[dpdk-dev] [EXT] [PATCH 1/3] cryptodev: rework api of rsa algorithm

Shally Verma shallyv at marvell.com
Wed Jun 5 14:12:26 CEST 2019


Hi Arek,


> -----Original Message-----
> From: Arek Kusztal <arkadiuszx.kusztal at intel.com>
> Sent: Friday, May 31, 2019 7:22 PM
> To: dev at dpdk.org
> Cc: akhil.goyal at nxp.com; fiona.trahe at intel.com;
> shally.verma at caviumnetworks.com; Arek Kusztal
> <arkadiuszx.kusztal at intel.com>
> Subject: [EXT] [PATCH 1/3] cryptodev: rework api of rsa algorithm
> 
> External Email
> 
> ----------------------------------------------------------------------
> This patch reworks API of RSA algorithm.
> Major changes:
> - Cipher field was introduced
> - Padding struct was created
> - PKCS1-v1_5 Block type 0 was removed
> - Fixed comments about prime numbers
> 
> Signed-off-by: Arek Kusztal <arkadiuszx.kusztal at intel.com>
> ---
>  lib/librte_cryptodev/rte_crypto_asym.h | 149
> +++++++++++++++++++++++++--------
>  1 file changed, 114 insertions(+), 35 deletions(-)
> 
> diff --git a/lib/librte_cryptodev/rte_crypto_asym.h
> b/lib/librte_cryptodev/rte_crypto_asym.h
> index 8672f21..bb94fa5 100644
> --- a/lib/librte_cryptodev/rte_crypto_asym.h
> +++ b/lib/librte_cryptodev/rte_crypto_asym.h
> @@ -111,23 +111,33 @@ enum rte_crypto_asym_op_type {
>   */
>  enum rte_crypto_rsa_padding_type {
>  	RTE_CRYPTO_RSA_PADDING_NONE = 0,
> -	/**< RSA no padding scheme */
> -	RTE_CRYPTO_RSA_PKCS1_V1_5_BT0,
> -	/**< RSA PKCS#1 V1.5 Block Type 0 padding scheme
> -	 * as described in rfc2313
> -	 */
> -	RTE_CRYPTO_RSA_PKCS1_V1_5_BT1,
> -	/**< RSA PKCS#1 V1.5 Block Type 01 padding scheme
> -	 * as described in rfc2313
> -	 */
> -	RTE_CRYPTO_RSA_PKCS1_V1_5_BT2,
> -	/**< RSA PKCS#1 V1.5 Block Type 02 padding scheme
> -	 * as described in rfc2313
> +	/**< RSA no padding scheme.
> +	 * In this case user is responsible for providing and verification
> +	 * of padding.
> +	 * In case RTE_CRYPTO_ASYM_OP_VERIFY op type is used if no
> +	 * problems in public key 'encryption' detected driver SHALL return
> +	 * RTE_CRYPTO_OP_STATUS_SUCCESS.

[Shally] This is not clear to me.
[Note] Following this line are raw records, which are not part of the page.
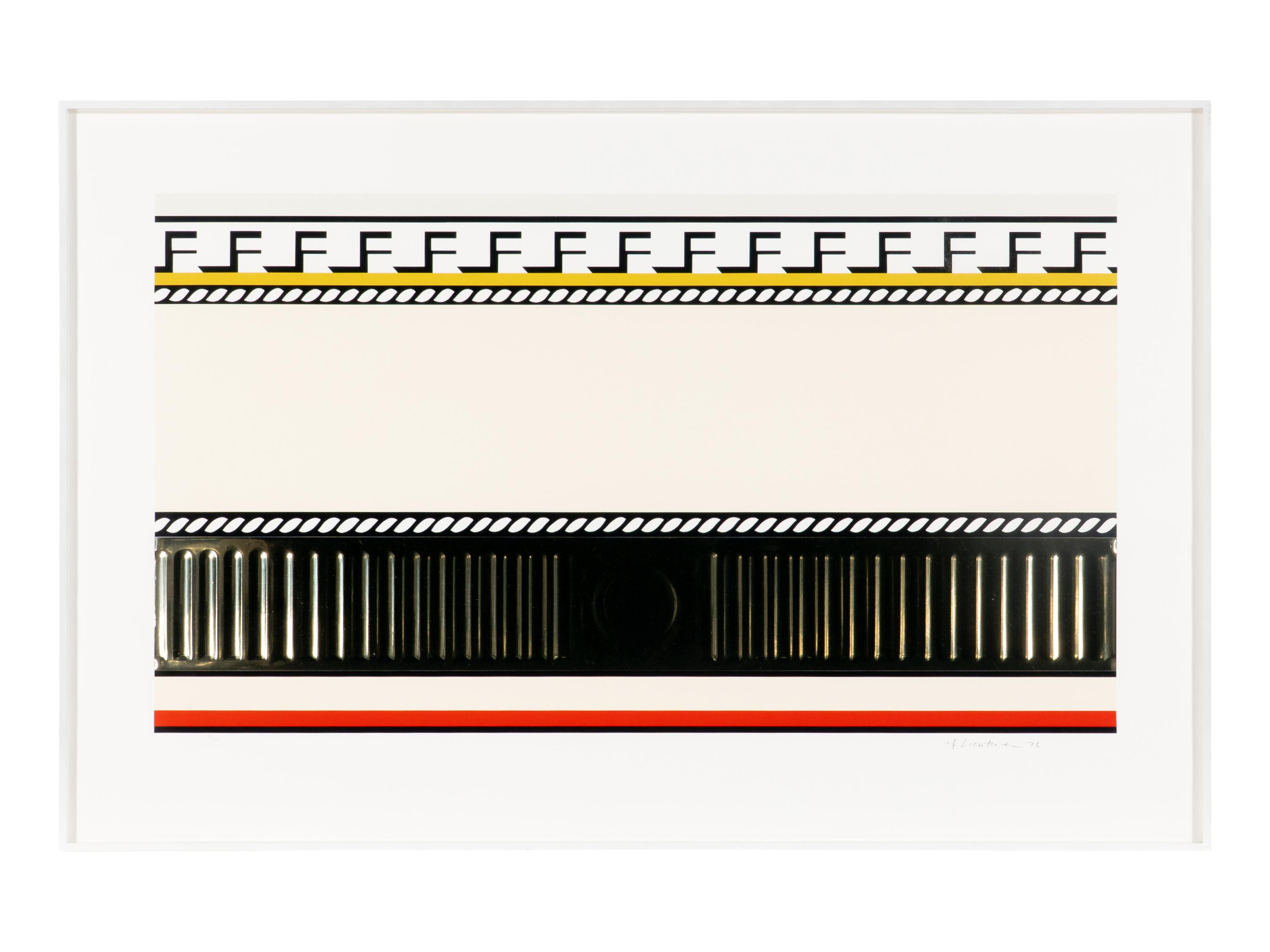 Entablature I , 1976
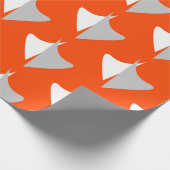 Retro geometric shapes with seamless patternabstra cadeaupapier (Hoek)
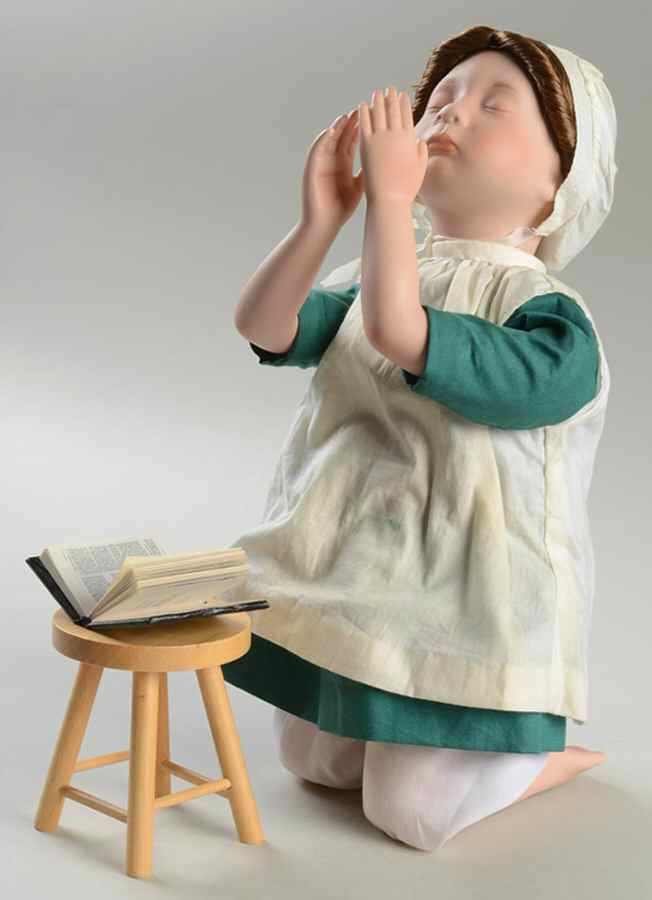 Amish Blessings Rachel - No Box by Ashton Drake-1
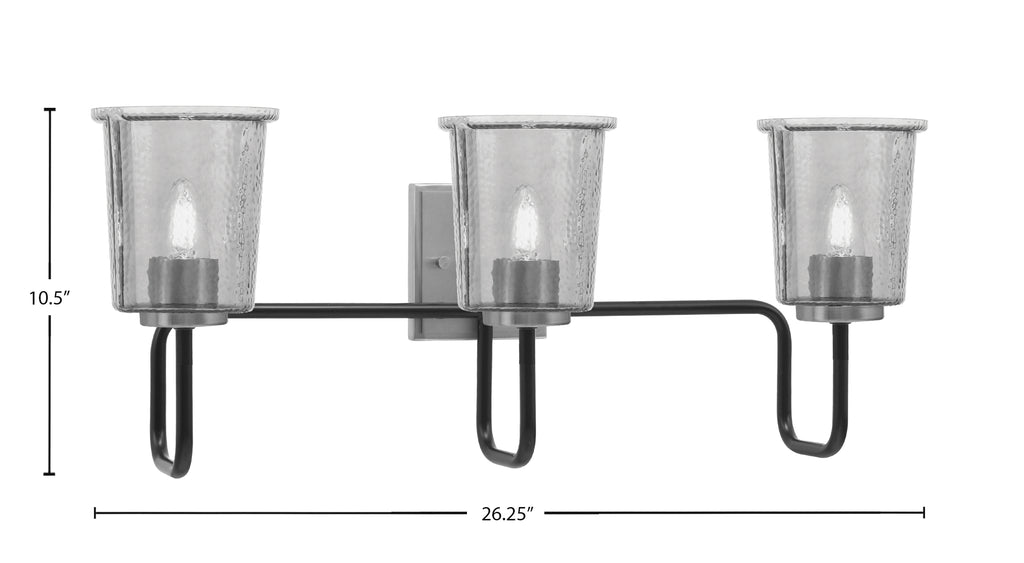 Toltec Lighting | 6223-MBGP-5032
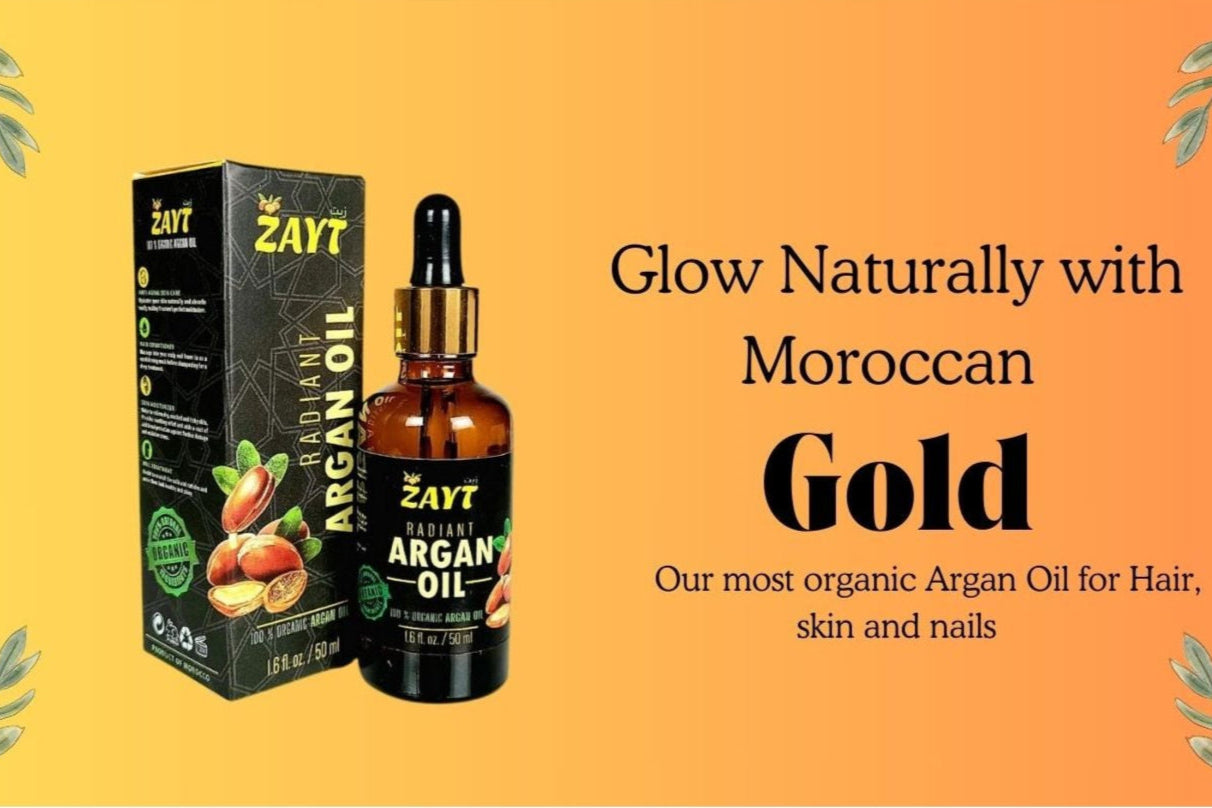 Tribes of Morocco Authentic Argan Oil - 1.6oz (Zayt Limited Edition)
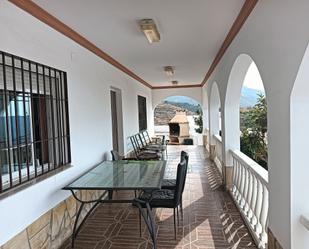 Terrace of House or chalet to rent in Algarrobo  with Terrace and Swimming Pool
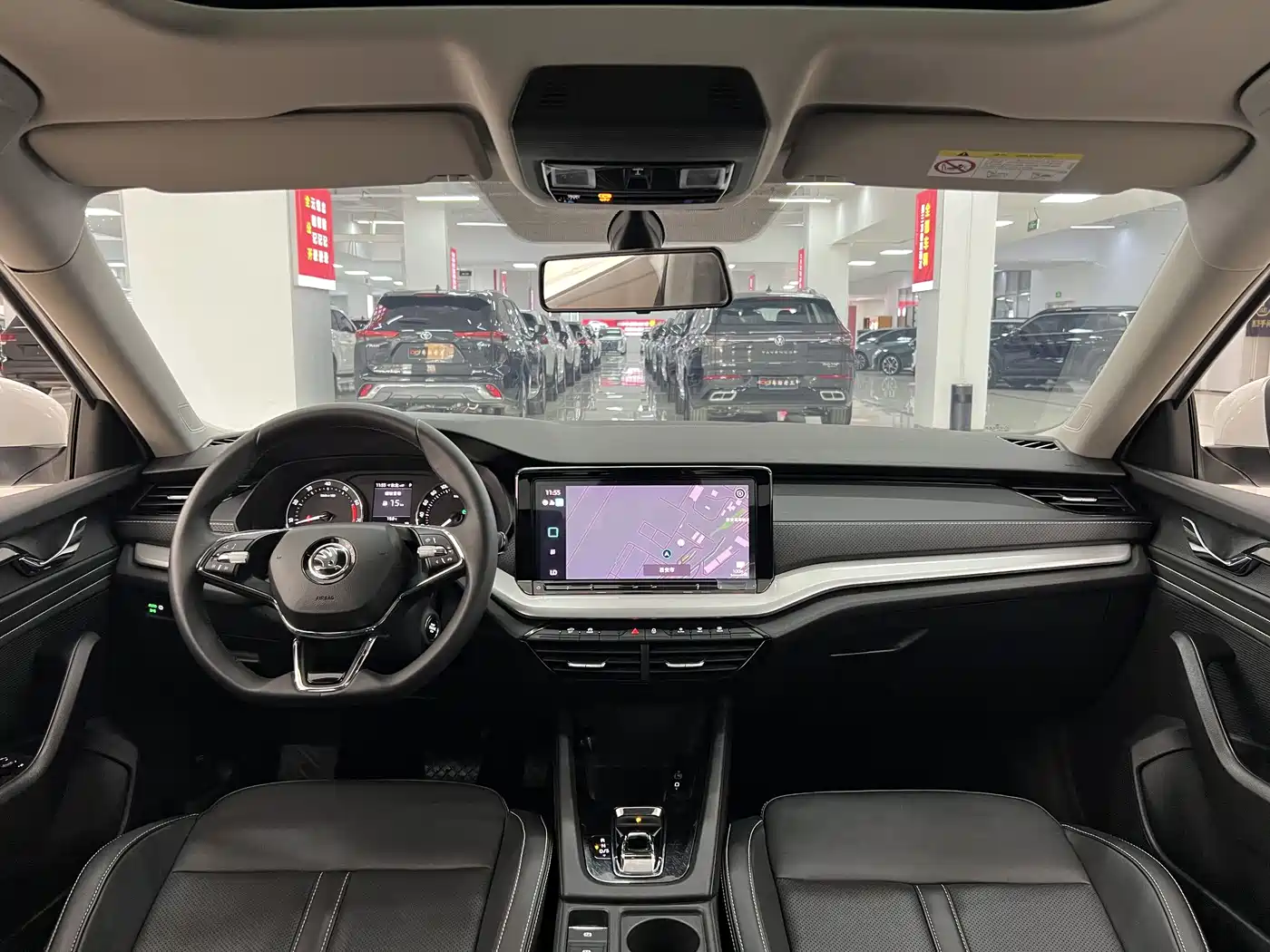 Škoda Octavia 2021 PRO TSI280 DSG Luxury Edition фото 5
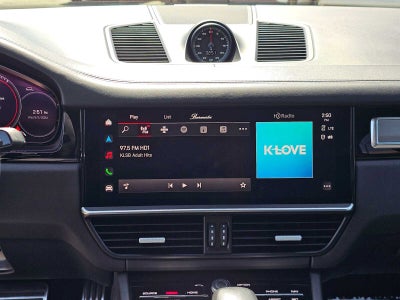 2022 Porsche Cayenne Turbo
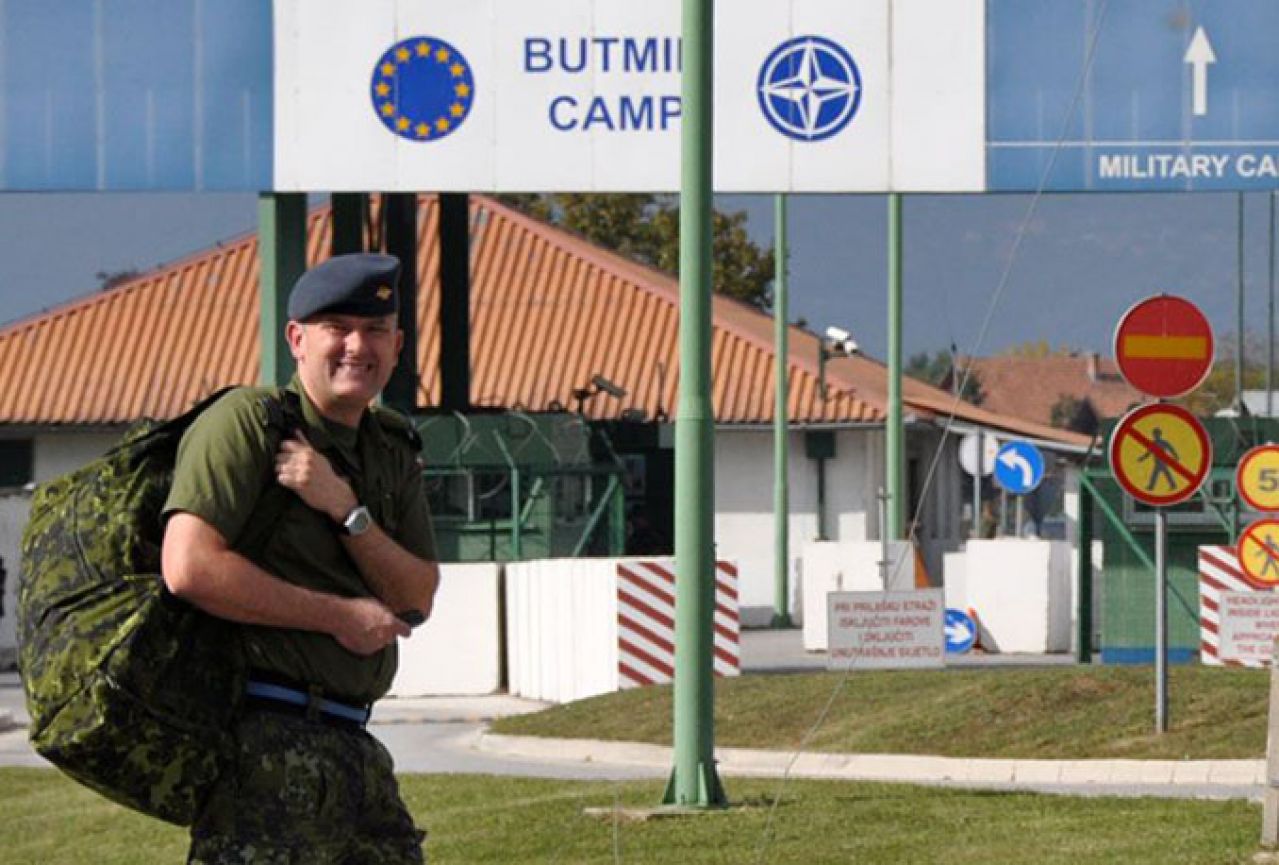 Mirni prosvjedi bivših zaposlenika EUFOR-a i NATO-a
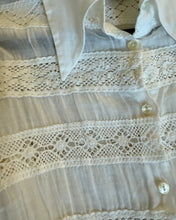 Load image into Gallery viewer, D&G White Long Sleeve Top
OP_VERIFY is public key decryption, then why it is mentioned as 'encryption' above?
Secondly,  Any public/private key encryption with NO_PADDING scheme, would result in encryption data without any padding string. 
And, if same is passed to PMD for decryption with PADDING_NONE, then PMD would assume encryption block is without any padding string. 
So, which case are we trying to clarify here? Or, do you intend to mention case when app can pass data with padding for decryption with NO_PADDING scheme?

> But it is USER
> RESPONSABILITY to
> +	 * remove padding and verify signature.
> +	 */
> +	RTE_CRYPTO_RSA_PADDING_PKCS1,
> +	/**< RSA PKCS#1 PKCS1-v1_5 padding scheme. For signatures block
> type 01,
> +	 * for encryption block type 02 are used.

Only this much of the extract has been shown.